When the FlowDemo program executes, the runTurtle() method is called by Jurtle.  The first statement in the method is line 9
Console.println("Here I am");

This statement prints the string of characters "Here I am" on the Console.  Looking at the program output this is also the first thing printed after the "Execution started..." message.  The next command is


This is a method call that causes the program to jump to the goThere() method which is defined right under the runTurtle() method.  The first statement in this method is line 17

Console.println("Now I'm there");

which causes the string of characters "Now I'm there" to be printed out.

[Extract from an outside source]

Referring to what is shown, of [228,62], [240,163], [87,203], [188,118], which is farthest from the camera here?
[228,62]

After the line 17 executes, there are no more statements in the goThere() method so the program execution jumps back to runTurtle() at line 11, which is the statement following the call to goThere().  This line:

Console.println("Now I'm here again");

causes its message to be written to the Console panel.

How it terminates

After line 11, there are no more statements in the runTurtle() method.  This causes the program to return to whatever called it, which in this case is some code within the Jurtle application itself.  This code is responsible for printing

Execution finished.

on the console.  The Turtle is then done.

Summary of flow of execution

The diagram below indicates the flow of execution through the FlowDemo program starting with the Jurtle system.



Download the FlowExercise turtle using the link at the top of this lesson.  Before running the turtle, see if you can write down what it will print on the Console.  Now run the turtle and see if you are correct.  If not, go back and figure out why it printed in the order it did.